March 7, 2011

Rise in Oil Prices is helping Bitumen Recovery

EDMONTON — While surging oil prices will deliver a financial windfall to the petroleum-powered provincial treasury, a series of major production hiccups over the fiscal year is expected to cost the Alberta government at least $340 million.

An Enbridge pipeline rupture in Michigan last year caused a bitumen bottleneck that squeezed production volumes flowing out of Alberta to the U.S., the province’s top energy customer.

The Alberta government now estimates the Enbridge supply disruption will cost it a minimum of $300 million in lost royalties for the budget year ending in March, but the toll could be “significantly higher” by the time the 2010-11 numbers are finalized.

“We lost considerable amount of royalties because we couldn’t ship our product south,” Premier Ed Stelmach explained during a speech last week.

Furthermore, fires earlier this year at upgraders owned by Canadian Natural Resources and Husky Energy have cut overall production by an estimated 150,000 barrels per day of synthetic crude, which is expected to cost the government as much as $40 million in lost royalties in 2010-11.

“Anytime there’s a loss of production impacting royalty revenues, it is a concern,” said Alberta Energy Minister Ron Liepert. “All of it has an impact, no doubt about it.”

However, he noted the government almost certainly expects annualized oil prices over the course of the current budget year will surpass initial projections, which will stuff unexpected revenue in provincial coffers and help offset the supply hiccups.

Indeed, the government budgeted oil prices at $78.75 US per barrel for 2010-11, but crude is now trading at more than $100 due to unrest and supply worries emerging from the Middle East and North Africa.

Oil has averaged nearly $82 US over the year, and with every $1 increase in annualized crude prices generating an additional $186 million for the province, Alberta could reap an extra $600 million from the energy bonanza.

Production constraints in the U.S., combined with the slowdowns at the CNRL and Husky facilities, have driven up the price for synthetic crude, which is experiencing a premium of $15 or more over the benchmark crude sold on the New York Mercantile Exchange.

“You’ve got to take all of this over the course of the year. Take the ups, take the downs,” Liepert added. “That’s one of the difficulties of trying to predict revenue for a province that’s so dependent upon royalties.”

The supply problems — and subsequent royalty hit — stem from pipeline breaks last summer.
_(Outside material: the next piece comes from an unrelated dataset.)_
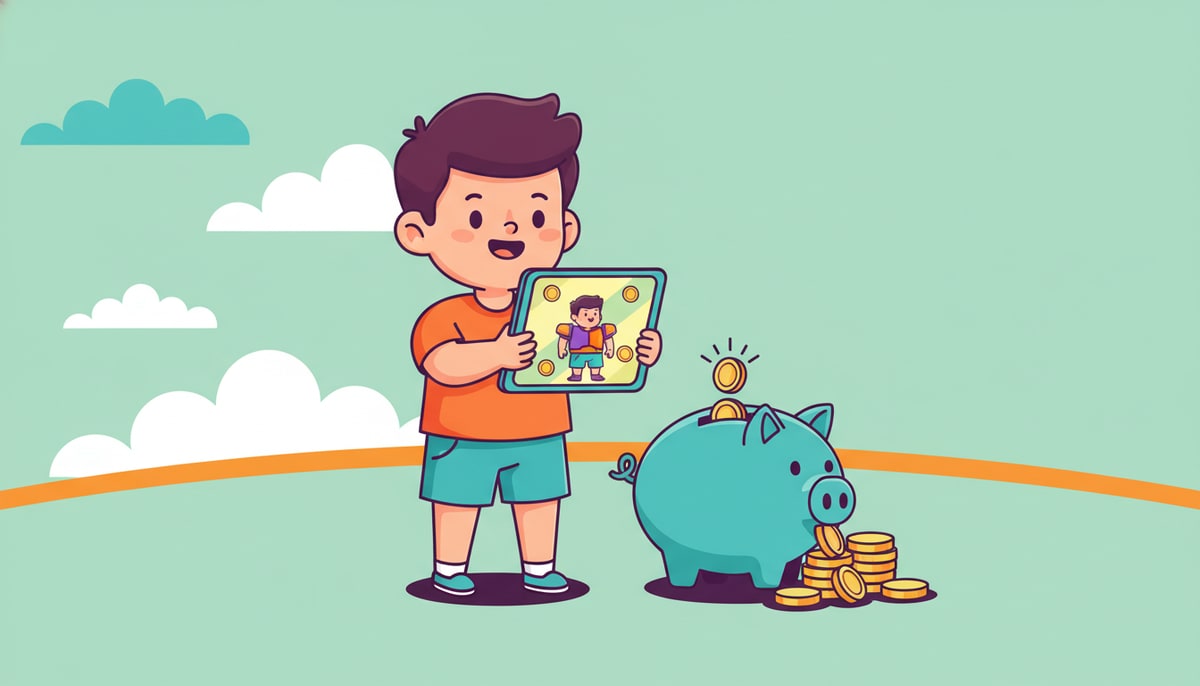 A child proudly holds up a tablet displaying a game character surrounded by glowing digital coins, while a stack of physical coins overflows from a nearby piggy bank.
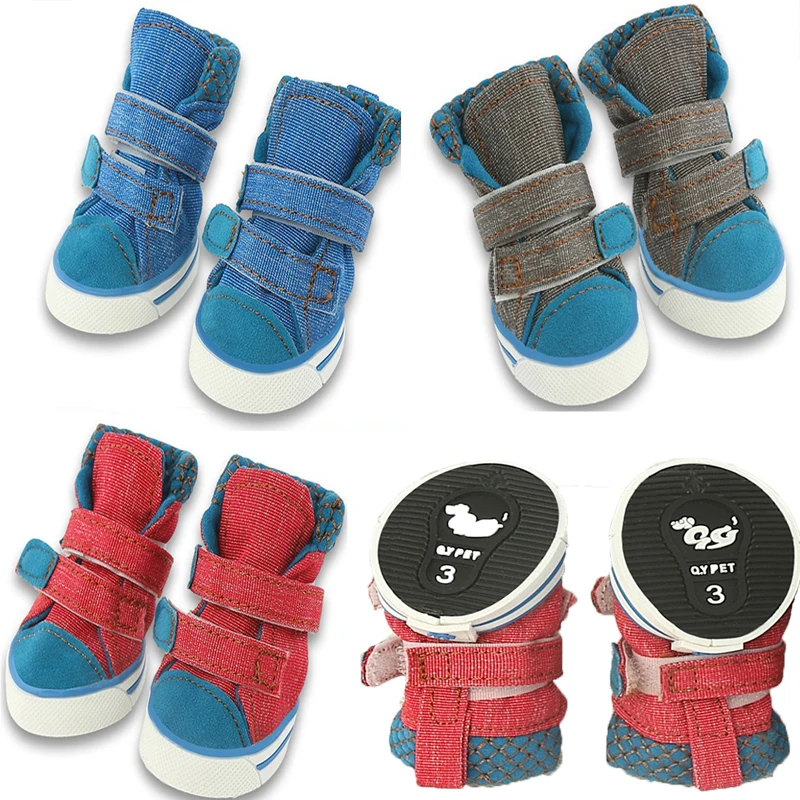 4 шт./лот обувь для щенков собак мягкая парусиновая нескользящая кроссовки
More than 20,000 barrels of oil leaked into a Michigan river system when Enbridge’s Line 6B ruptured last July, closing the line for nine weeks.

Another spill on Line 6A, a major oil pipeline into the United States, added to a backup of barrels in Alberta and the feeder systems from producers such as Suncor.

Earlier this year, Suncor said it had been storing approximately 15,000 barrels of crude per day, while Enbridge resolved its pipeline capacity issues.

The January fire at Canadian Natural’s Horizon oilsands plant halted production that accounts for about 14 per cent of the company’s total output. Production will increase to 110,000 barrels a day from 55,000 barrels a day in the second quarter, the energy giant predicted last week.

“Clearly, the fire at Horizon will result in a temporary hit to production and cash flow,” CNRL president Steve Laut said following the release of the company’s quarterly results.

The provincial government expects the production crunch at CNRL’s facility will cost it between $30 million and $40 million in lost royalties this fiscal year.

The cash is desperately needed for a Tory government forecasting a $4.8-billion deficit for 2010-11 and an additional $3.4 billion in red ink in the new 2011-12 budget.

NDP leader Brian Mason said the revenue roller-coaster highlights just how dependent the government is on non-renewable resources, and also the need to increase royalty rates to snare additional one-time petroleum cash.

Royalty breaks to petroleum producers and other corporate tax cuts make it nearly impossible for the government to wean itself off its addiction to energy revenue, he argued.

“They’ve become overly dependent on some of this stuff for their revenues,” Mason said. “Alberta’s revenue stream is less stable and less reliable than in the past, and this is an example of that playing out.”